The days when black history could be described as marginalized in American life are now, themselves, history. Yet somehow we hold on to a delicate contradiction under which all of the things I have mentioned and so much more are true, but we say that America is still “insufficiently aware of” black history. Isn’t it really just that we’re used to Black History Month, the way we’re used to an old armchair? It’s no longer that we think it’s accomplishing anything. It’s just, in our minds, supposed to be there because it always has been.

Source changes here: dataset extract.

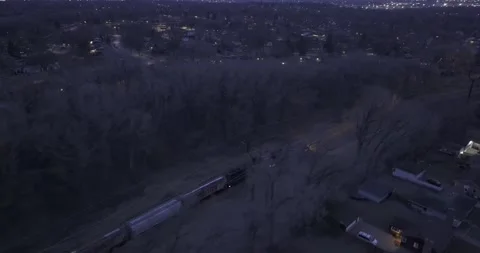 Train at Night Stock Footage 266819537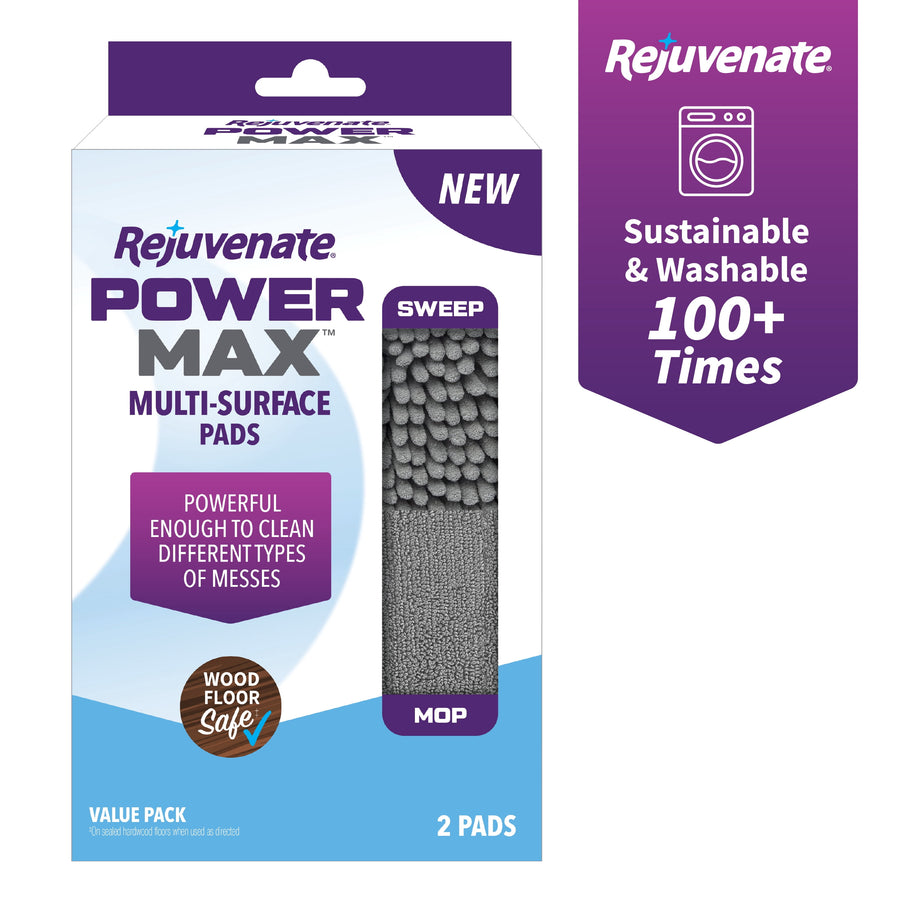 Boxed Rejuvenate PowerMax multi-surface pads value pack with visible mop pad through window and product branding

It is often charged that a writer chooses a stance like this one out of a recreational quest to be “controversial.” Maybe some do, but that’s not where this is coming from. Writing, for me, is not a matter of sitting down and working up ways to make people angry. I simply write what I feel, with a suspicion that I am not alone, and I almost never am.

Black History Month has accomplished what it was established to do, and part of acknowledging that is to let it go — with a spirit of joy and victory. Do I think it’s an issue of code-red importance that every February we pretend that America learns anything serious about black history? Of course not. But since about 1995, what Black History Month has reminded me every year is that the battle it was designed for has been won. Maybe we can think of it as a month celebrating America‘s having come to celebrate black history.